Chegando ao galpão, nos apresentamos (meu amigo já havia se apresentado), conversamos com as pessoas, participamos de alguns ensaios, pegamos as roupas com as quais desfilaríamos e ficamos por ali, de papo com os instrumentistas, esses, sim, profissionais do samba levados do Brasil. E adivinhem quem chegou? Ele, o Rei Pelé, com sua presença marcante, seu sorriso e sua disponibilidade para o abraço. Foi então que ganhei o abraço do Rei, depois de algumas trocas de palavras.
Outro presente que ganhamos, eu e meu amigo catarinense residente em Florianópolis, foi o mais inusitado possível, não imaginado. Ganhamos a incumbência de desfilar ao lado da Globeleza, aquela bailarina que fazia um bailado nas aberturas dos carnavais na televisão, totalmente nua e com o corpo cheio de pinturas. Nosso papel era de guarda-costas dela, nós que éramos grandes e com caras respeitáveis.

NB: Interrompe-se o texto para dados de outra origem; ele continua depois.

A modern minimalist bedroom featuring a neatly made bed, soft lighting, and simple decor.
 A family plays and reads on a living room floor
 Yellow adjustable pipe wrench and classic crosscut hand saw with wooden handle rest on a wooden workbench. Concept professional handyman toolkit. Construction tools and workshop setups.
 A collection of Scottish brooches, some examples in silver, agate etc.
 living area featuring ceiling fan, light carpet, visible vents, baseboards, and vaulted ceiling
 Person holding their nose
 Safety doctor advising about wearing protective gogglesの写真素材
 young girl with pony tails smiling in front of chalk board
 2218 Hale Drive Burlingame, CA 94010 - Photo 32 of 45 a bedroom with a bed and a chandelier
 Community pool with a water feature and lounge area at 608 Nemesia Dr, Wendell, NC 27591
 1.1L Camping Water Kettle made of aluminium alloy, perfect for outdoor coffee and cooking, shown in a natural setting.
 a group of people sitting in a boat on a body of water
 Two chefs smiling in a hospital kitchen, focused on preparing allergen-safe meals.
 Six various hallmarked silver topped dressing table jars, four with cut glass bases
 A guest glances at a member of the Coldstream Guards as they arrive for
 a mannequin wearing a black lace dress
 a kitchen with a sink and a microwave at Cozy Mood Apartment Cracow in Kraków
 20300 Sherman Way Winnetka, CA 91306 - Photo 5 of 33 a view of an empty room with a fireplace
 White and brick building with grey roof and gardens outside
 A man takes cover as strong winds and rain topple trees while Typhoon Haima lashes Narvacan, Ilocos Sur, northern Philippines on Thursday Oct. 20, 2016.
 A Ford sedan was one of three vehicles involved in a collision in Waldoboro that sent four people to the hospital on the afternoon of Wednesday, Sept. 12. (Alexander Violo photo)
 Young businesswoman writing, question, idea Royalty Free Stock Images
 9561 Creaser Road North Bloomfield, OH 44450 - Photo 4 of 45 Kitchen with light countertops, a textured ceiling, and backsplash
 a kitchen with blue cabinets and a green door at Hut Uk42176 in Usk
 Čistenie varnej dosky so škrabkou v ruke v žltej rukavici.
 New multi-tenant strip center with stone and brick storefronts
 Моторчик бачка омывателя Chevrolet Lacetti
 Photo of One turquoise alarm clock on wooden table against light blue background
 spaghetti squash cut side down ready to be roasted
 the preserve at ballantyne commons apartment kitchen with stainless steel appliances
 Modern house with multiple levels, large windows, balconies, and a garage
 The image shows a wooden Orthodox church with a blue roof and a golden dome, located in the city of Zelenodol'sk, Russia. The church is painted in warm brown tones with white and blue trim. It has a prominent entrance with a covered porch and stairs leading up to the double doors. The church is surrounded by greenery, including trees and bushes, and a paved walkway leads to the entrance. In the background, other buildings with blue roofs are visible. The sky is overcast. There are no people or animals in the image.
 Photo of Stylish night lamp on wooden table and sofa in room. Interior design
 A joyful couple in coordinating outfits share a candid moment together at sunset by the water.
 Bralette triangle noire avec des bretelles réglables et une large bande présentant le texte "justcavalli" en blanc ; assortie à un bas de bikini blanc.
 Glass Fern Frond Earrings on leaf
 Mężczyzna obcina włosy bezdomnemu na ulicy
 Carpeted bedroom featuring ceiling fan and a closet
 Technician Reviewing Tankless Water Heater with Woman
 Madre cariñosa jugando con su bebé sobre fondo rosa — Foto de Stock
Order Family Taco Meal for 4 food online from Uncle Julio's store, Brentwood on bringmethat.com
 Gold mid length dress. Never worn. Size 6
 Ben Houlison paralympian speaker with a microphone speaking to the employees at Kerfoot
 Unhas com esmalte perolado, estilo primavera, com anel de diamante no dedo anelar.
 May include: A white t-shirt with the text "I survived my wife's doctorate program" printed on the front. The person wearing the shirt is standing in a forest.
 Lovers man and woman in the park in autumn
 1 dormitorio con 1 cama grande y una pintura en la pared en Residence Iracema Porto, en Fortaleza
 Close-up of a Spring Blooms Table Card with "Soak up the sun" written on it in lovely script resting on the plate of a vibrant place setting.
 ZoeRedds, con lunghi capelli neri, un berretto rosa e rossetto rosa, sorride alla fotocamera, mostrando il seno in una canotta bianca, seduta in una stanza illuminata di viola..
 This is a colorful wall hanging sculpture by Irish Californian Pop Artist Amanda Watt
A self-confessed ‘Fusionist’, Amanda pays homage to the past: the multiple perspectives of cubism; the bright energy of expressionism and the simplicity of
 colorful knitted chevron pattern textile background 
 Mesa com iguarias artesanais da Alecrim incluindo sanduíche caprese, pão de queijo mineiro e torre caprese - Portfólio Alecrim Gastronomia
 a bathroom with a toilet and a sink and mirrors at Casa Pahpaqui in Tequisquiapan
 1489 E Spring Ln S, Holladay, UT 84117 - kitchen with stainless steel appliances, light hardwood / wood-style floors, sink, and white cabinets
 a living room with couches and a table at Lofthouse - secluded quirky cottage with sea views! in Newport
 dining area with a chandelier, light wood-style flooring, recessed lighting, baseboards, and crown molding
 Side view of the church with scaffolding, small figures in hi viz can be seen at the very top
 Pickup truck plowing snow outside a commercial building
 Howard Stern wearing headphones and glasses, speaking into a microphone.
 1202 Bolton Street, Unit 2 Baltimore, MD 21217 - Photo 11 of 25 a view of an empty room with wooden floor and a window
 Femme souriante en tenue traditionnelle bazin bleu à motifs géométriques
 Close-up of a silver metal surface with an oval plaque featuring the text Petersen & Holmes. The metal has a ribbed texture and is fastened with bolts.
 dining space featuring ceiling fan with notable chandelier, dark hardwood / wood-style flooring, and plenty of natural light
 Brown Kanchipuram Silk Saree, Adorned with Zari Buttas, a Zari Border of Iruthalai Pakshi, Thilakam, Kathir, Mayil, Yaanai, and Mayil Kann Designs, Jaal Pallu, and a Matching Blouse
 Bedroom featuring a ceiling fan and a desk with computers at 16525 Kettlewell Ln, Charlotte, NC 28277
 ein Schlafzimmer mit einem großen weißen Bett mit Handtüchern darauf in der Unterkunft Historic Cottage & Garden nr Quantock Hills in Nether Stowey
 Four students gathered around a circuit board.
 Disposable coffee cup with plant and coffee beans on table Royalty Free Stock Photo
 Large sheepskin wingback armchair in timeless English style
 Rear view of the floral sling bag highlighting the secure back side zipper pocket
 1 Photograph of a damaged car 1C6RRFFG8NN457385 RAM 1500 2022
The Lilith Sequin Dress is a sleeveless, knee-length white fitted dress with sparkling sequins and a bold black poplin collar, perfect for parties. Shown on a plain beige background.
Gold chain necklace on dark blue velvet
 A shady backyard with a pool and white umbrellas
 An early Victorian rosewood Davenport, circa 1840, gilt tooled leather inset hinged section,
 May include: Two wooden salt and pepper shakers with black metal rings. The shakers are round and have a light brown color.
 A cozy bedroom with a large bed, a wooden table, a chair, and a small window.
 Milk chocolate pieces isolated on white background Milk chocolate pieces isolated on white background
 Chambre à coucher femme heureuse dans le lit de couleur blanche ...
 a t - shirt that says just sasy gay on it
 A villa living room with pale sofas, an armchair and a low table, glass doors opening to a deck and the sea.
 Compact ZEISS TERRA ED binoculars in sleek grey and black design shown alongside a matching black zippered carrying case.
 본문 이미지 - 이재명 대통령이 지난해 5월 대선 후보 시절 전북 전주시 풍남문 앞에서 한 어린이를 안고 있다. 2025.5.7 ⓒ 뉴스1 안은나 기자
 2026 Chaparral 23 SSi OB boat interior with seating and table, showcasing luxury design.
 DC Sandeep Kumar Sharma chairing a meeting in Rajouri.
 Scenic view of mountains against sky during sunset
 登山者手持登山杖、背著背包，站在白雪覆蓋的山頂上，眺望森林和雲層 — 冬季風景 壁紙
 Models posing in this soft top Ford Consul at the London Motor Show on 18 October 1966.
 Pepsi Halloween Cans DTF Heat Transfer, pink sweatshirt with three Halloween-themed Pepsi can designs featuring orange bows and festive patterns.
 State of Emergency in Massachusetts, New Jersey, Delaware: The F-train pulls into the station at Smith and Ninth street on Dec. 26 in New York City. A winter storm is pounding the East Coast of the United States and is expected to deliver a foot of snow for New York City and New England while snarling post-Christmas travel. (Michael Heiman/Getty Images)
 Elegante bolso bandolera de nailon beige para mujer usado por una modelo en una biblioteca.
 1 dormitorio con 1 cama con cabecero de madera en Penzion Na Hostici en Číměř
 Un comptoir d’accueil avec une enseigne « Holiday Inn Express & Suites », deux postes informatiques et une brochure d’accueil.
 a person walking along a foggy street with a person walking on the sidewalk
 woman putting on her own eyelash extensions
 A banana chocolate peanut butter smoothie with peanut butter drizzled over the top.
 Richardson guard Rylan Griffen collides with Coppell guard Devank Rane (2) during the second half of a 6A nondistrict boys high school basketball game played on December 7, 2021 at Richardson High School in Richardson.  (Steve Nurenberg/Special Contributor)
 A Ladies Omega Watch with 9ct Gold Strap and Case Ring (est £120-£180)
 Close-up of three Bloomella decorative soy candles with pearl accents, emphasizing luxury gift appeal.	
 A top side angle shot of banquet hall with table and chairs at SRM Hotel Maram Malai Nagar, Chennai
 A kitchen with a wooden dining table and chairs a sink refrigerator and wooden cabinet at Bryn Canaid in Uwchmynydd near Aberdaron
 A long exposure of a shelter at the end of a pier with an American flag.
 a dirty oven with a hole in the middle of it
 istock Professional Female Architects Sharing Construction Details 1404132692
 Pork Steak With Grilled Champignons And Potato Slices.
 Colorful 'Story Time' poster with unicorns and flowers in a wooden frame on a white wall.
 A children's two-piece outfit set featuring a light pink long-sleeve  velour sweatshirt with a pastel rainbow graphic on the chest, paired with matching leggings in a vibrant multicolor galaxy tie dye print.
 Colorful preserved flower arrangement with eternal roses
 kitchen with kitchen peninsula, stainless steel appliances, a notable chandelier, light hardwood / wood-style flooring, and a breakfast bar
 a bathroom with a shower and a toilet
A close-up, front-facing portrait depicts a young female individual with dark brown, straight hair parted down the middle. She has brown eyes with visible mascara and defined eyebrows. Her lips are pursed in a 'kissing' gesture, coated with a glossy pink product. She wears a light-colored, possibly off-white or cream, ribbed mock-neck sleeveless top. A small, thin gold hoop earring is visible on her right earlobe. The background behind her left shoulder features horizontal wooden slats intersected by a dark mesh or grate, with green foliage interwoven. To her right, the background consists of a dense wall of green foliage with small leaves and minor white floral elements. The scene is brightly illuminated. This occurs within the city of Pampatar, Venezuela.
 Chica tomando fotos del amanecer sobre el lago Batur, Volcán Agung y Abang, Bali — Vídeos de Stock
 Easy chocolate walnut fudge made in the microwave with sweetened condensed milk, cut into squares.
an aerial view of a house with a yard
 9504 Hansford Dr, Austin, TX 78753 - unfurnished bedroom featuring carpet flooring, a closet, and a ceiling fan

O desfile da Escola de Samba foi no Jardin des Tuileries, entre o Museu do Louvre e a Place de La Concorde, no coração de Paris. Além da participação no desfile, algo inédito em minha vida, guardo esses dois presentes para minha memória e para minhas histórias. Ganhei um abraço do Rei e fui, durante umas três horas, guarda-costas da Globeleza, de quem ganhei também, lógico, um abraço. Só que ela já estava vestida.